Trading in the boring suits for the latest fashion gear, Bette now lives the high life in New York City, working 24-7, always on call. She socializes with the most famous people from East and West Coast alike and quickly becomes boss Kelly’s favourite new employee – be it for all the wrong reasons. Suddenly Bette finds her private life smeared across the tabloids – be it just because she suddenly seems to be the girlfriend of New York’s most successful lawyer and eligible bachelor Philip Weston.
Torn between two worlds, Bette often finds it difficult to choose whether she prefers to read a chick-lit book on her couch or clubbing dressed up in designer gear. Can she somehow manage to be part of both worlds? Or will she have to make a tough choice between celebs and glamour or true friends and family? And will she be able to find a fairytale prince in the process of finding herself?
I spare you the suspense – overall I really did not like this book and I kept reading it for one reason only. Fairly early on in the book it is revealed that the Bette, the main character, lives in a “cement monstrosity”, a “multi-winged behemoth”, which I quite clearly recognized as the one building in the world that I enjoyed living in the most during my life. It was therefore very bizarre to me that Weisberger had only bad things to say about it – that the flat suffered from waterbugs and that the flat was tiny. I kept reading because I felt that she should really have highlighted the merits of this place I once called home. Not once does she touch upon the fact that the lobby is fantastic – with waterfalls and goldfish! In addition, she tells us that Bette lives in apartment 1313. I am quite sure that this particular building does not have a 13th floor (in many New York apartments the floor numbering jumps straight from 12 to 14, to avoid superstitious tenants from worrying about the bad karma attached to this number) – but even if it did have a 13th floor, I am absolutely certain that there is no such thing as apartment 1313, as all the apartment numbers consist of the floor number followed by a letter of the alphabet.
Yes, I am picking holes into an unimportant aspect of the storyline – but Weisberger’s sloppiness becomes apparent later on in the book, when all of a sudden the character – without a mention of having moved apartments – suddenly invites a man back to her place, which suddenly is not on 34th Street by the river, but on 28th street between 3rd Avenue and Lexington Avenue!
To round it off, this is not the only loophole I spotted.

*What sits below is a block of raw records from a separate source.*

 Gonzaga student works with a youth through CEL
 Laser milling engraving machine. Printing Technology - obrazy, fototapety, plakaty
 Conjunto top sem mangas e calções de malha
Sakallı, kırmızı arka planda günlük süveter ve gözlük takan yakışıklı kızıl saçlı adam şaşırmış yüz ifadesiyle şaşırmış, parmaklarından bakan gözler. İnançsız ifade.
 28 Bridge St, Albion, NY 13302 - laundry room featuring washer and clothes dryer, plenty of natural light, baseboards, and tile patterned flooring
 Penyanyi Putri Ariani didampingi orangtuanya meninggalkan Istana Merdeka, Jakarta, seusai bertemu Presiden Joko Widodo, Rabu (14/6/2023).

On one occasion, Bette’s best friend Penelope calls her. There is a mention that Bette sees Penelope’s number on the caller ID. But then it turns out that Penelope is unexpectedly calling from a hotel. This would not have been strange in this day and age of mobile phones – except when Weisberger starts to mention how Penelope’s boyfriend is pulling on the phone line of a phone that Bette could not possibly have recognized the number of!
The other thing that I was sorely disappointed with is how much Weisberger fails to capture the feeling of New York, the character of the city. She makes it sound rather bland, its inhabitants rather shallow, which is not my experience of this vibrant city. Generally it appears that Weisberger tries to keep the venues faceless and she concentrates on the interaction of the characters instead – only on occasion throwing in a New York landmark that makes the connaisseur smile. I thought for a moment tat Weisberger may not have had the chance to experience New York enough to write a book in this setting – but indeed the author does live in New York these days.
Focusing on the character is generally a thing that I do enjoy – and I think that Weisberger does manage to portray different types of people quite well – with the slight problem that apart from three characters, they all seem rather annoying and make me want to put down the book. I find Bette very unlikeable – although, as she is just going through a phase in her life where she is finding herself, she may be forgiven for being a little all over the place. But the people who work at Kelly & Company are shallow people through and through and just stereotype the idea that skinny and beautiful people are false and on drugs most of the time.
The points at which I started to enjoy the book where when Bette actually is not in New York. When she visits her family in Poughkeepsie or she travels to Turkey on business, I can finally find a way to enjoy the storyline and stop picking holes in Weisberger’s writing. But maybe this is because suddenly the whole focus on fashion and stardom – a topic I am less than interested in – suddenly is shifted to show a nicer, down-to-earth side of our main character, Bette.
To give Weisberger credit, she is an incredibly good writer and certainly has a lot more vocabulary than most chick-lit authors, making her appear highly intelligent and educated. But this brilliance with words simply does not make up for the fact that the storyline is dull for about the first 150 pages, then becomes briefly interesting, then bores the reader again only to provide another ten to twenty pages of excitement before the story is abruptly ended leaving the reader with a handful of unanswered questions.
***Further information***
Harper Collins
Pages: 367 (written in very small font)
Price: £6.99 (for new paperback)
ISBN: 0-00-718265-1
Summary: A boring read, focusing too much on fashion and annoying characters.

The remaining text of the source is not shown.